And it’s about to get even lighter (proudly, I say!) because I’m skipping out.  Leaving town.  Hitting the road.  Going on vacation.  Yes, even though I become the new Director of the Institute for the Arts and Humanities at Penn State at midnight tonight (the midnight change of command ceremony is an awesome, beautiful thing), I am beginning my new job by taking a vacation.  It’s the only way to set the right tone, I believe.
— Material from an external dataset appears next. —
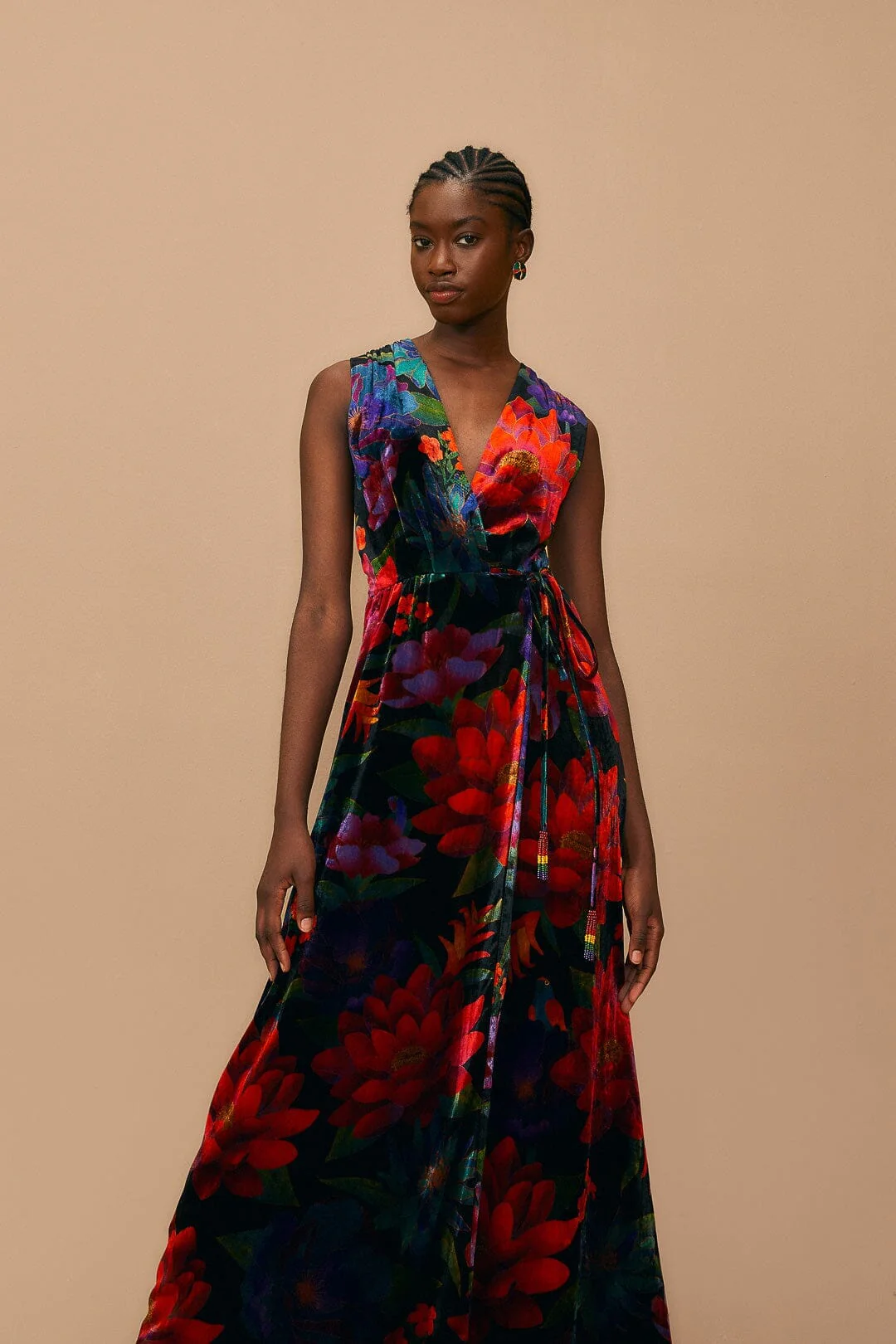Black Flower Season Maxi Wrap Dress - Image 2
The truth, of course, is that I’ve been working on next year’s programming for the past few months, and working pretty feverishly on the transition for the past few weeks.  And most of all, watching one dystopian movie after another for my film festival, “Bad Futures” (name coined by the elusive Janet Lyon), which will take place at the State Theatre on October 15-17.  Thanks to Nick for suggesting Akira and thanks to Chloe Silverman for introducing me to Code 46!  I just ordered the soundtrack, because you know I love that spacy ambient dreamy stuff.

Oh, and it’s about the time of year that I remind everyone that I also love this:

Jamie does too, except that he thinks the lyrics are “hey, Jamie, it’s the Fourth of July.” “It’s about me,” he chirped from the back seat of the car last week.  And who am I to contradict him?
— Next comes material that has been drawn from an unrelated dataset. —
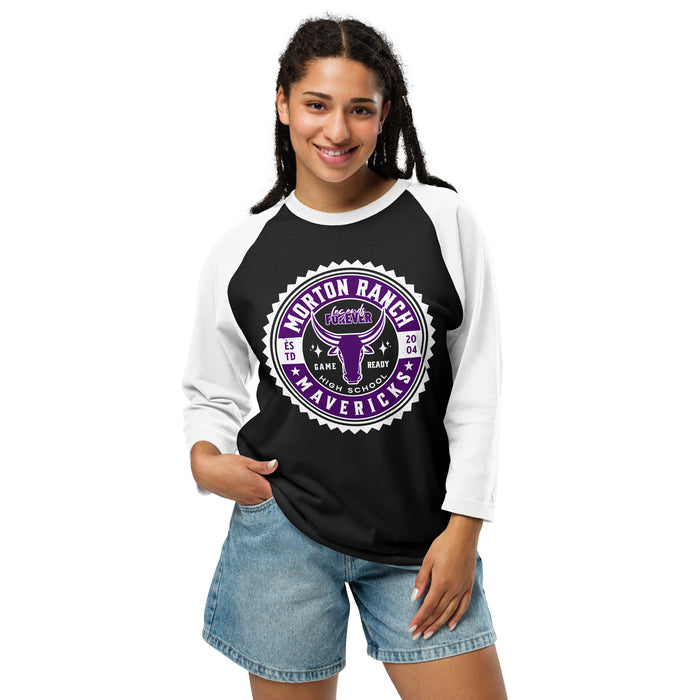 Woman wearing Morton Ranch High School Mavericks Unisex 3/4 sleeve Raglan T-shirt 203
Besides, there are more important things to argue about.  Like, for instance, this travesty, this insult to all that is right and good, a ranking of the “100 best punk bands” in which X is consigned to the 51st spot.  WTF?  I’m sorry, but don’t These Kids Today listen to real music anymore?  Hard to argue with four of the first five, I’ll admit that (Bad Religion, meh), but the next five should obviously be X, Hüsker Dü (40th? are you people out of your minds?), Sex Pistols, then maybe Black Flag and Minor Threat.  And while it’s nice to see some love for Sham 69, the Minutemen, and the Dead Milkmen, there’s a lot of chaff in that top 50 ... and no Dead Boys? no Fear? no X-Ray Spex? no Flipper???  Doesn’t anyone listen to the classics anymore?  Sonic Youth, OK, but no Pixies?  Also notable for their absence: Nirvana.  I haven’t been so depressed by a discussion of music since someone responded to this epic thread by complaining that I’d overlooked Tom Petty and the Heartbreakers.  Which reminds me: no Johnny Thunder and the Heartbreakers?  Really?  Really?

I’ll be back in mid-July.  In the meantime, feel free to suggest more revisions to this sorry list.